Tacrolimus, a calcineurin inhibitor, is widely used to prevent allograft rejection in kidney transplant recipients. Its metabolism is predominantly mediated by the cytochrome P450 3A5 (CYP3A5) enzyme, and single nucleotide variants (SNVs) within intron 3 of the gene are strongly associated with interindividual variability in enzyme expression and activity. These SNVs can generate a cryptic splice site, resulting in either preserved enzymatic function classified as expressers ( *1/*1 and *1/*3) or loss of function, classified as non-expressers ( *3/*3). Differential expression of contributes to variability in tacrolimus pharmacokinetics and clinical outcomes, including graft rejection and therapeutic efficacy. In this study, we evaluated three pharmacokinetic parameters: trough concentration (TAC-C), weight-adjusted daily dose (TAC-D, mg/kg), and dose-normalized trough concentration (TAC-C/D). One-way ANOVA was used to assess differences in these parameters between expressers and non-expressers. Additionally, Poisson regression was performed to examine associations between clinical/genetic variables and the incidence rate of acute rejection events. Genotyping was conducted in 45 pediatric kidney transplant recipients. The *3/*3 genotype was most prevalent (66.7%), followed by *1/*3 (26.7%) and *1/*1 (6.7%). During the 6-month post-transplant period, expressers required significantly higher tacrolimus doses to achieve target trough levels. Increased drug exposure was associated with a higher incidence of rejection events, whereas expression correlated with a reduced rate of rejection. These findings underscore the clinical utility of genotyping for optimizing tacrolimus dosing strategies. Carriers of functional alleles (*1/*3 or *1/*1) benefit from individualized dose adjustments to achieve therapeutic concentrations and reduce the risk of graft rejection.

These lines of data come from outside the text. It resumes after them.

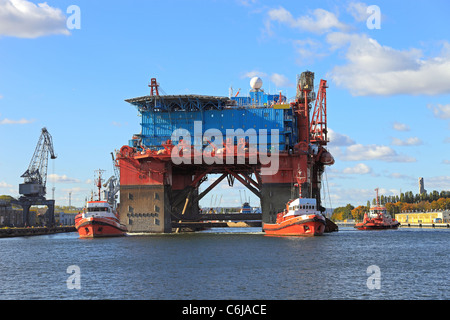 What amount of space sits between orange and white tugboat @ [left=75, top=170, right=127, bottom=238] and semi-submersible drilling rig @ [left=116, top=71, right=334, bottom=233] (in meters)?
4.46

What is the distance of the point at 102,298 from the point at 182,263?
51.4 ft

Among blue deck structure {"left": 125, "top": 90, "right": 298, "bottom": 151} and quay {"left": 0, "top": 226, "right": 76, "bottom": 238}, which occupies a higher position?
blue deck structure {"left": 125, "top": 90, "right": 298, "bottom": 151}

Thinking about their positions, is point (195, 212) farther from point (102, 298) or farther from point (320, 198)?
point (102, 298)

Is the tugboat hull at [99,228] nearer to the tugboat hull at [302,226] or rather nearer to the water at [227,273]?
the water at [227,273]

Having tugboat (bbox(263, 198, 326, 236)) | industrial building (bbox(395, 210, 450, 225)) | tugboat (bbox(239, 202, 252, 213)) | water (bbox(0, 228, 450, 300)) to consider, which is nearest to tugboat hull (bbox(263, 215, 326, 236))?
tugboat (bbox(263, 198, 326, 236))

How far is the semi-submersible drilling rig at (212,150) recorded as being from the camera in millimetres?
87062

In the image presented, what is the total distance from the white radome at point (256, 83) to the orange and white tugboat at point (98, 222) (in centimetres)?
3073
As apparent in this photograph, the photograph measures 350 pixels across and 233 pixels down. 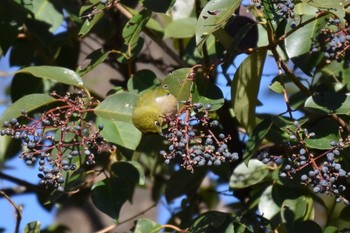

他克莫司是一种钙调神经磷酸酶抑制剂,广泛用于预防肾移植受者的同种异体移植排斥反应。其代谢主要由细胞色素P450 3A5(CYP3A5)酶介导,该基因第3内含子内的单核苷酸变异(SNV)与酶表达和活性的个体间差异密切相关。这些SNV可产生一个隐蔽的剪接位点,导致酶功能保留(分类为表达者,*1/1和1/*3)或功能丧失(分类为非表达者,*3/*3)。CYP3A5的差异表达导致他克莫司药代动力学和临床结局的变异性,包括移植排斥反应和治疗效果。在本研究中,我们评估了三个药代动力学参数:谷浓度(TAC-C)、体重调整日剂量(TAC-D,mg/kg)和剂量标准化谷浓度(TAC-C/D)。采用单因素方差分析评估表达者和非表达者之间这些参数的差异。此外,进行泊松回归以检验临床/基因变量与急性排斥事件发生率之间的关联。对45名儿科肾移植受者进行基因分型。*3/3基因型最为常见(66.7%),其次是1/3(26.7%)和1/*1(6.7%)。在移植后的6个月期间,表达者需要显著更高的他克莫司剂量才能达到目标谷水平。药物暴露增加与排斥事件发生率较高相关联,而CYP3A5表达与排斥率降低相关。这些发现强调了CYP3A5基因分型在优化他克莫司给药策略方面的临床实用性。功能性CYP3A5等位基因(*1/3或1/*1)携带者受益于个体化剂量调整,以达到治疗浓度并降低移植排斥风险。